What does Buddhism teach, and how does it differ from Christianity?

Legend tells us that Buddha was a powerful young prince who gave up his earthly position and possessions in order to seek enlightenment and salvation. Buddha lived in India approximately 600 years before Christ. He was concerned with the terrible things that were being done within the Hindu tradition, so he developed his own religious system.

Buddha taught that the question of God’s existence is meaningless. His conception of salvation is radically different than that taught by Christianity.

Buddha believed in reincarnation. He taught that every evil thing we do ties us more tightly to the cycle of rebirth. Buddha taught that a person can escape the cycle of reincarnation and enter nirvana only by following the “Noble Eight-fold Path,” a strict ethical system.

Buddhist teachings include dedication to meditation. Meditation involves emptying one’s mind of all content and learning to drift away from a consciousness of this world. Thus, it is part of the process by which a Buddhist frees himself from his attachments to this world and the cycle of reincarnation.

We should not confuse nirvana with heaven, however. For the Buddhist, nirvana is simply an escape from the world of suffering. It is like a candle that had been burning with a hot flame (representing our suffering in the cycle of reincarnation) being suddenly extinguished. Once a flame is out, there is no point in questioning where it went. To the classical Buddhist, to attain nirvana is simply to be out of existence.
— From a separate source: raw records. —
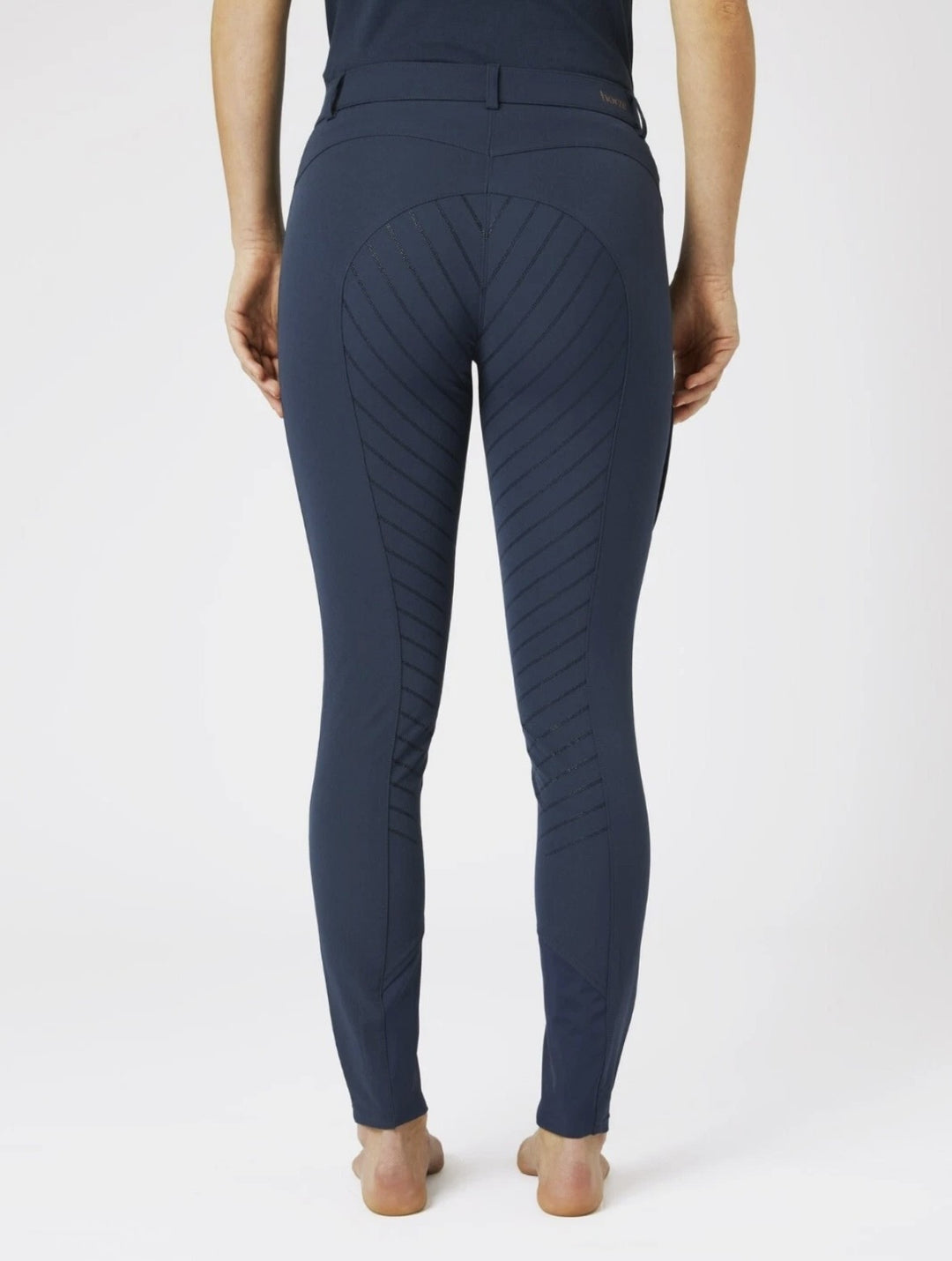 Horze Anna Full Silicone Grip Breeches - very smart - Blue - All Sizes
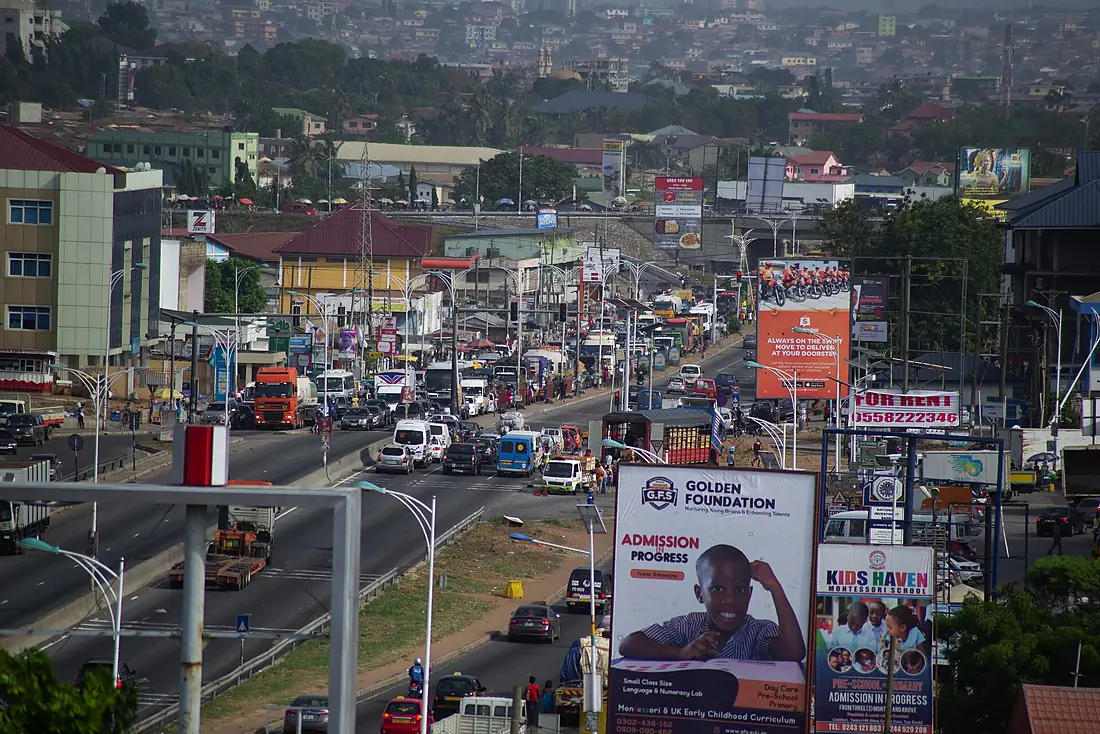 Achimota Traffic light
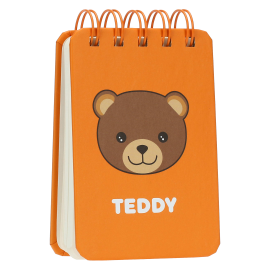 Mini blocknotes Teddy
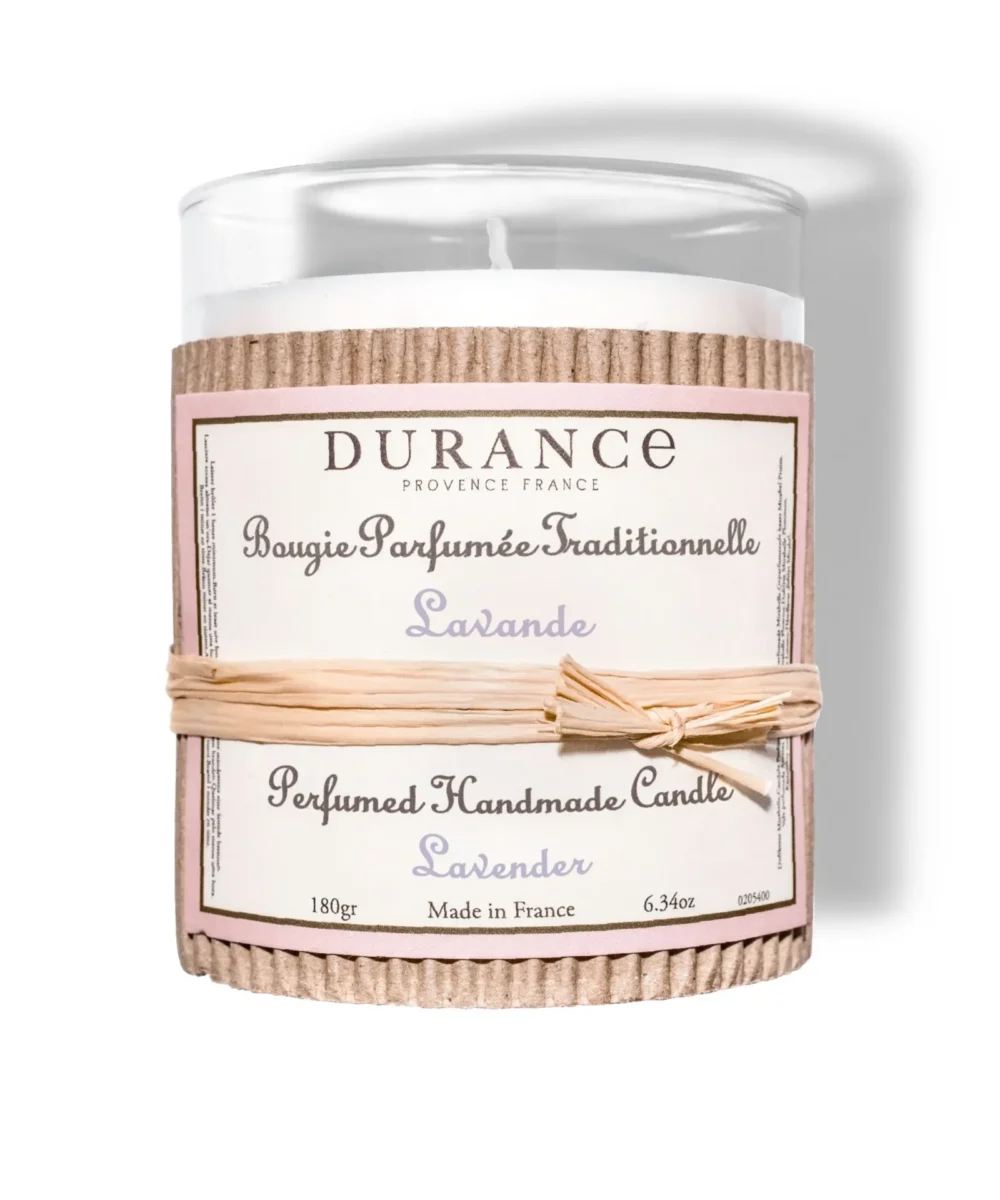 Perfumed Candle 180g Lavender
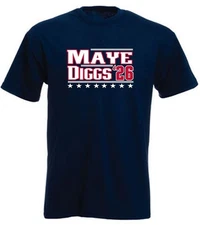 Drake Maye Stefon Diggs 2026 New England Shirt T-Shirt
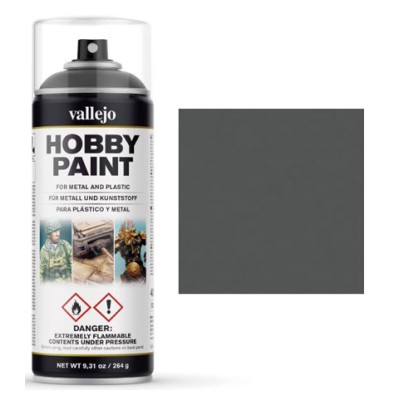 VALLEJO HOBBY PAINT IMPRIMACIÓN SPRAY VERDE BRONCE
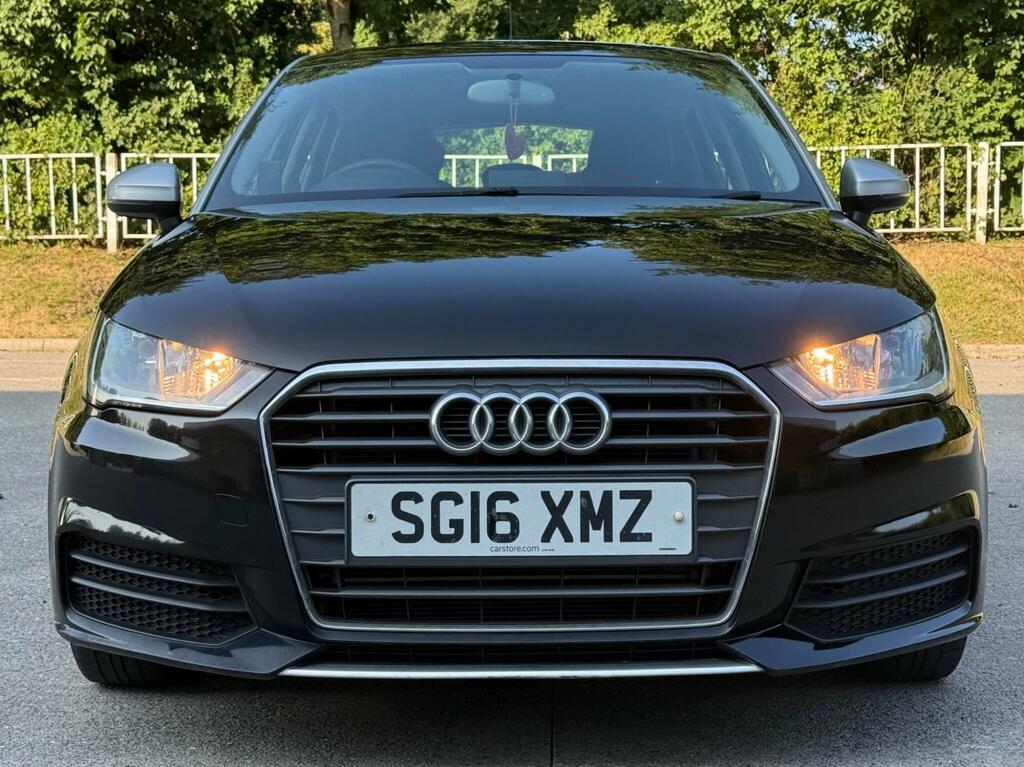 Audi A1 1.6 Tdi Se Sportback Euro 6 S S SG16XMZ Black #2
Buddhism is clearly a very different religion from Christianity. It offers no personal salvation. It stands against sin and immorality, but it ignores the issue of God’s existence and our need for redemption. At its root, Buddhism is a form of agnosticism or at least practical atheism. It provides no answers about the ultimate meaning of existence. By denying the ultimate meaningfulness of life, Buddhism provides its followers with little motivation to conquer evil or to work for justice. Jesus Christ, in contrast, confronts us with the need to become right with God and to introduce a new order into the world, an order He called “the kingdom of God.”